- TASK GOAL:
An exact transcription of the lines from the one holding "For Samsung Galaxy" to the end of the entries below, and nothing more, is the required answer. Please omit the pictures.

- DATA SUPPLIED:
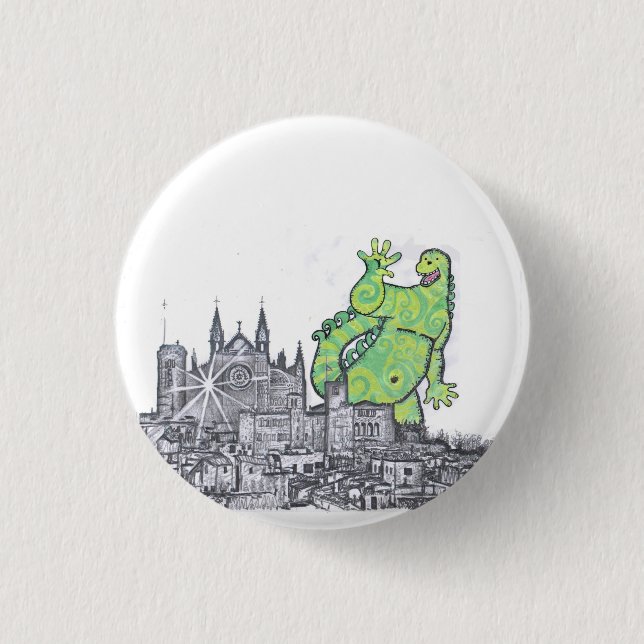 Badge Rond 2,50 Cm Quand Godzilla on a été de Majorque (Devant)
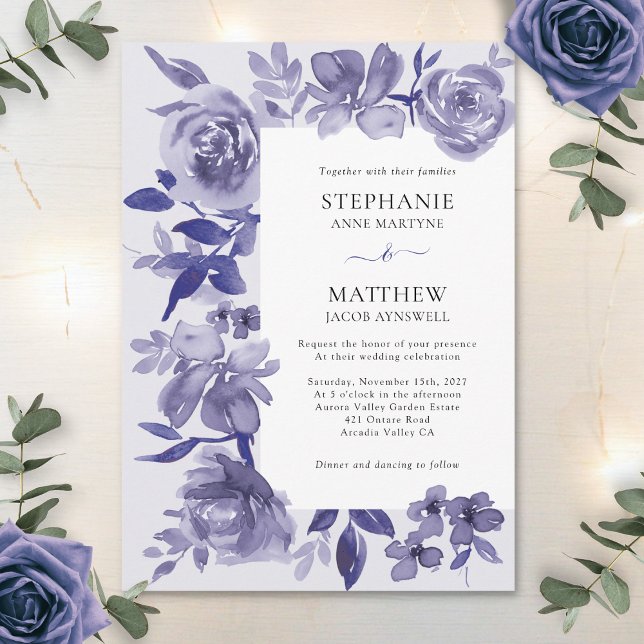 Invitation Elégante couleur violet Mariage floral (Créateur téléchargé)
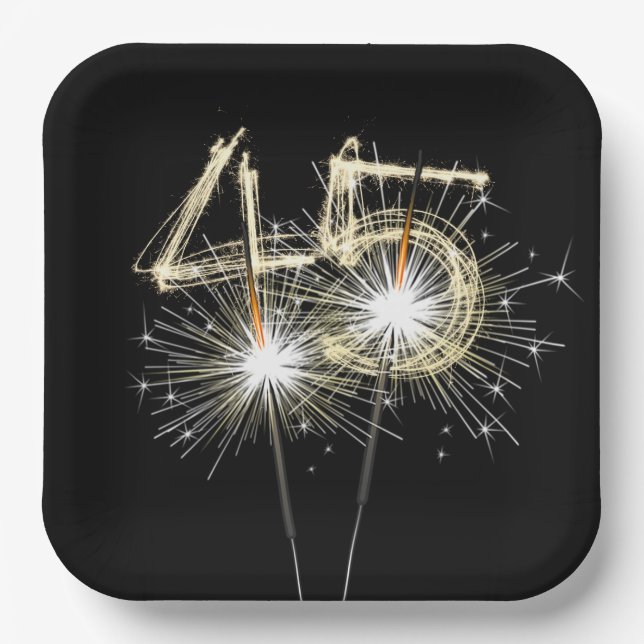 45. Geburtstagsparty Sparklers auf Black Pappteller (Vorderseite)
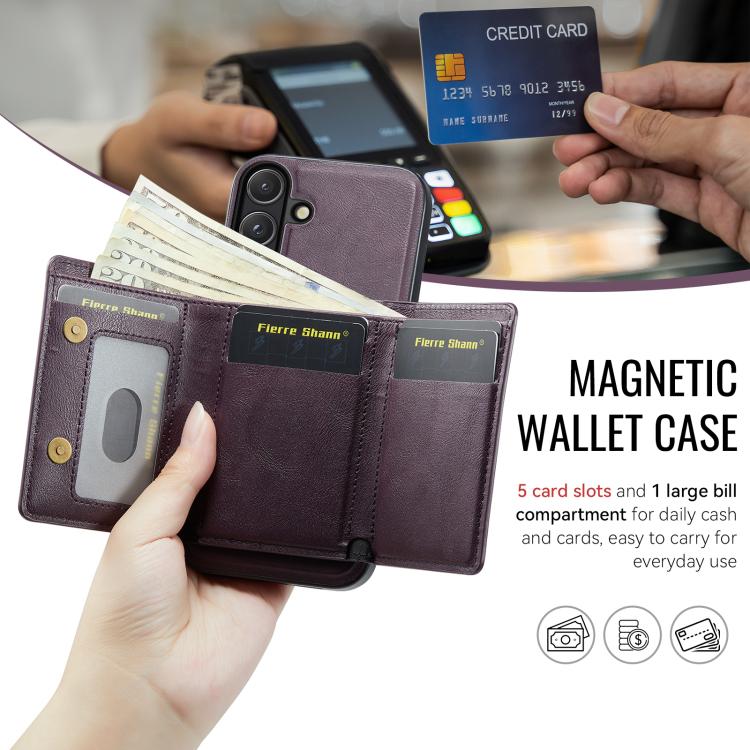 For Samsung Galaxy S24 FE 5G Fierre Shann 2 in 1 Holder RFID Card Slot Wallet MagSafe Phone Case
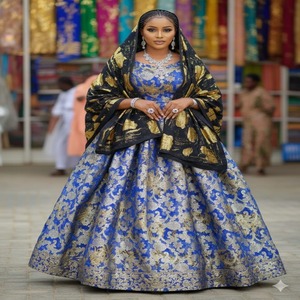 ชุดเจ้าสาว 3 ชิ้น Fransawi Dirac น้ำหนักเบา ระบายอากาศได้ดี ผ้าชีฟองพิมพ์ลายดิจิทัลลายดอกไม้ พรีเมียม ผ้าแจ็คการ์ดสีทอง - Product Image 1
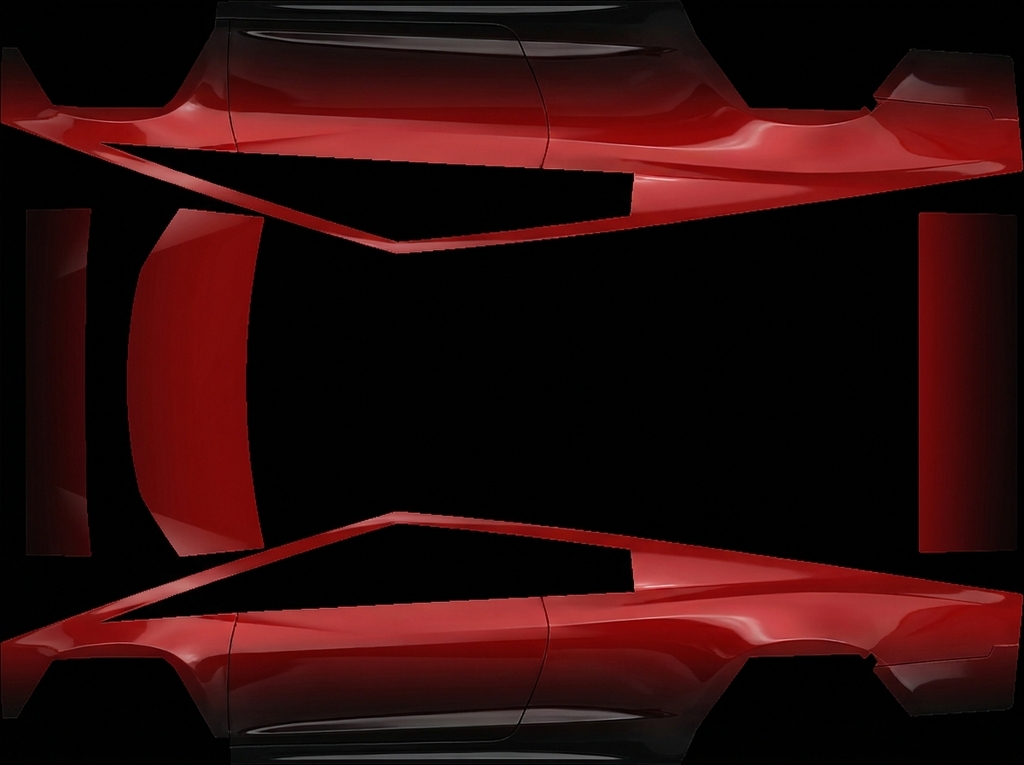 绯红魅影 Tesla Cybertruck wrap texture - 红色到黑色渐变车身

- YOUR SOLUTION:
 For Samsung Galaxy S24 FE 5G Fierre Shann 2 in 1 Holder RFID Card Slot Wallet MagSafe Phone Case
 ชุดเจ้าสาว 3 ชิ้น Fransawi Dirac น้ำหนักเบา ระบายอากาศได้ดี ผ้าชีฟองพิมพ์ลายดิจิทัลลายดอกไม้ พรีเมียม ผ้าแจ็คการ์ดสีทอง - Product Image 1
 绯红魅影 Tesla Cybertruck wrap texture - 红色到黑色渐变车身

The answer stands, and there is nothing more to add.